3. To examine during the delivery of QEUH and RHCYP/DCN projects:
A. Whether the Boards of NHS Greater Glasgow and Clyde and NHS Lothian put in place governance processes to oversee the projects and whether they were adequate and effectively implemented, particularly at significant project milestones;
B. Whether operational management provided by the Boards of NHS Greater Glasgow and Clyde and NHS Lothian was adequate and effective for the scale of such infrastructure projects;
C. The extent to which decision makers involved with the projects sought and facilitated the input and took account of the advice and information provided by, or available from, the clinical leadership team; infection control teams; estate teams; technical experts and other relevant parties to ensure that the built environment made proper provision for the delivery of clinical care;
D. Whether, the organisational culture within the Boards of NHS Greater Glasgow and Clyde and NHS Lothian encouraged staff to raise concerns and highlight issues in relation to the projects at appropriate times throughout the life cycles of the projects;
E. Whether failures in the operation of systems were a result of failures on the part of individuals or organisations tasked with specific functions.

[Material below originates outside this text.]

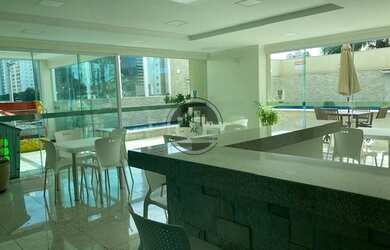 Imagem 11: Pontal Ecolife Bueno apartamento Bueno, Goiânia, Goiás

4. To consider whether any individual or body deliberately concealed or failed to disclose evidence of wrongdoing or failures in performance or inadequacies of systems whether during the life of the projects or following handover, including evidence relating to the impact of such matters on patient care and patient outcomes; and whether disclosures of such evidence was encouraged, including through implementation of whistleblowing policies, within the organisations involved.
5. To examine whether, based on the governance arrangements in place, national oversight and support of such large-scale infrastructure projects was adequate and effective and whether there was effective communication between the organisations involved.

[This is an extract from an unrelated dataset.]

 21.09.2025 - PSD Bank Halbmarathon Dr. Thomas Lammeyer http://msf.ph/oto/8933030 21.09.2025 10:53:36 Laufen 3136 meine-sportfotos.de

6. To examine, during the life cycle of the QEUH and RHCYP/DCN projects, how the Boards of NHS Greater Glasgow and Clyde and NHS Lothian secured assurance and supporting evidence that:
A. All necessary inspection and testing had taken place;
B. All key building systems had been completed and functioned in accordance with contractual specifications and other applicable regulations, recommendations, guidance, and good practice and;
C. Adequate information and training were provided to allow end-users effectively to operate and maintain key building systems.
7. To examine what actions have been taken to remedy defects and the extent to which they have been adequate and effective.

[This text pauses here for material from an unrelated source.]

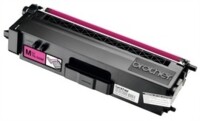 Brother TN 320M Magenta 1500 sider Toner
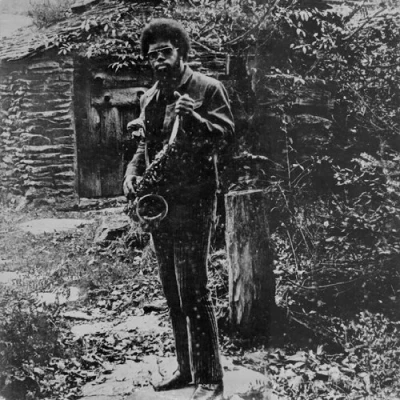 Afbeelding van Joe McPhee Nation Time (1970) (CD)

8. To examine the physical, emotional and other effects of the issues identified on patients and their families (in particular in respect of environmental organisms linked to infections at the QEUH) and to determine whether communication with patients and their families supported and respected their rights to be informed and to participate in respect of matters bearing on treatment.
9. To examine the processes and practices of reporting healthcare associated infections within QEUH and determine what lessons have been or should be learned.
10. To examine whether the choice of sites was appropriate or gave rise to an increased risk to patients of environmental organisms causing infections.
11. To examine whether there are systematic knowledge transfer arrangements in place to learn lessons from healthcare construction projects and whether they are adequate and effective.
12. To examine whether NHS Lothian had an opportunity to learn lessons from the experience of issues relating to ventilation, water and drainage systems at the QEUH and to what extent they took advantage of that opportunity.
13. To report to the Scottish Ministers on the above matters, and to make recommendations identifying any lessons learnt to ensure that any past mistakes are not repeated in any future NHS infrastructure projects, as soon as reasonably practicable.